The steamer Hutchinson made her first trip down the river
this week.
Corrinna de Vivaldi
Coaracy has begun an action in the United States Circuit at Milwaukee, against
two Kaukauna paper mills to recover fifteen acres of land on which they are
located. The values of the improvements are over $350,000. The plaintiff is the
daughter of Mary Meade and the granddaughter of George Lawe. The claims are
under the title of Paul Ducharme to Augustine Grignon in 1834 and there is a
conflict between the confirmations at that time.
April 19, 1889
There is a large gang
of tramps working the towns south of here and are headed this way. They will
probably strike Kaukauna in the course of a few weeks. Would it not be a good idea
for our city fathers to lay out a certain point near the quarry where these harem
scarems could be put to work breaking stone?

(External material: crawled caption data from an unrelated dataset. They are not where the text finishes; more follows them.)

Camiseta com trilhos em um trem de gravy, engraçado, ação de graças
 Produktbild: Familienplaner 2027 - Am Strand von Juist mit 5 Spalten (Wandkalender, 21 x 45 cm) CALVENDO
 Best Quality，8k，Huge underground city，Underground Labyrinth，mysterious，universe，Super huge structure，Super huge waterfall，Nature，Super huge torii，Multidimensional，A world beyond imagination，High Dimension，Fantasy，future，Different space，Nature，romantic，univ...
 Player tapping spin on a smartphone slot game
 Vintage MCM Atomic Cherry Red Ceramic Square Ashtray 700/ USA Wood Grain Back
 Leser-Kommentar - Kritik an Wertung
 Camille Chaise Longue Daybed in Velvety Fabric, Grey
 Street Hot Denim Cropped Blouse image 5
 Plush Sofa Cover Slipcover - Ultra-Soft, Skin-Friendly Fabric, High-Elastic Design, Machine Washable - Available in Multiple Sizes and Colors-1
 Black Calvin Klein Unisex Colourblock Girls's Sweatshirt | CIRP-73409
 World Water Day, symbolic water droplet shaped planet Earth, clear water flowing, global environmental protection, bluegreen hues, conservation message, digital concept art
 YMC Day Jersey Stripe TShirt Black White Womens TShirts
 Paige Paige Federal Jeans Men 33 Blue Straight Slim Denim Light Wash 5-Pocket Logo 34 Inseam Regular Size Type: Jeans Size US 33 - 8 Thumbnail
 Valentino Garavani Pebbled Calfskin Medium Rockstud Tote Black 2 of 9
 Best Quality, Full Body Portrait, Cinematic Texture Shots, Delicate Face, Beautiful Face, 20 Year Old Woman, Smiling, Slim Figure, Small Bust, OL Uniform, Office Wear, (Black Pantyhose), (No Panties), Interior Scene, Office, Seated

Tramps that infest this city are
treated with too much civility, getting off with a night's lodging, a good warm
meal and no work whatever.
Before - After
By order of the mayor
all of the telegraph, telephone and electric light poles in the city of New
York are being cut down. For two years, the city has been dickering with the
companies to have the wires removed from the poles and placed underground. The
streets of that city Tuesday night were in darkness as all the electric lights
had been cut off.
The most persistent
people in the country are the Oklahoma boomers. There will be, opened-up to
them by the president’s proclamation, 1,800,000 acres of land in the hearth of
Indian Territory. The land that is opened is not richer than many other
government lands, though the soil is fertile. It is simply that it has been for
many years forbidden ground that makes it so dear to the boomers.
A New Orleans judge has
decided that when a jury, with a quart of whisky, a pack of cards and a handful
of beans, played poker from midnight till 4 am, the prisoner is entitled to a
new trial.
April 26, 1889
Mrs. Josie Guriey, on
trial for kidnapping little Annie Redmond, was found guilty at Chicago. She was
given five years in the penitentiary. The child stolen by her was kept in hiding
for years. The poverty of the Redmond’s precludes any idea that a ransom was
expected.
Jersey City, NJ., A hero, clad in the brown, greasy overalls,
and the cap of a switchman, lost his life in the railroad yard, while saving
the life of 10-year-old child. He was Patrick McAtamny, 42 years old and,
leaves a wife and seven children. Patrick was waiting for a single car to be
backed by an engine. Just as the car arrived, a boy who was picking up coal,
stepped on the track in front of the car. McAtamny jumped to the track and
pushed the boy out of the way. A mass of bloody shreds and a headless body
marked the remains of the switchman.
A man named Wm.
McDonald struck town last Friday and proceeded to fill up on "bug juice."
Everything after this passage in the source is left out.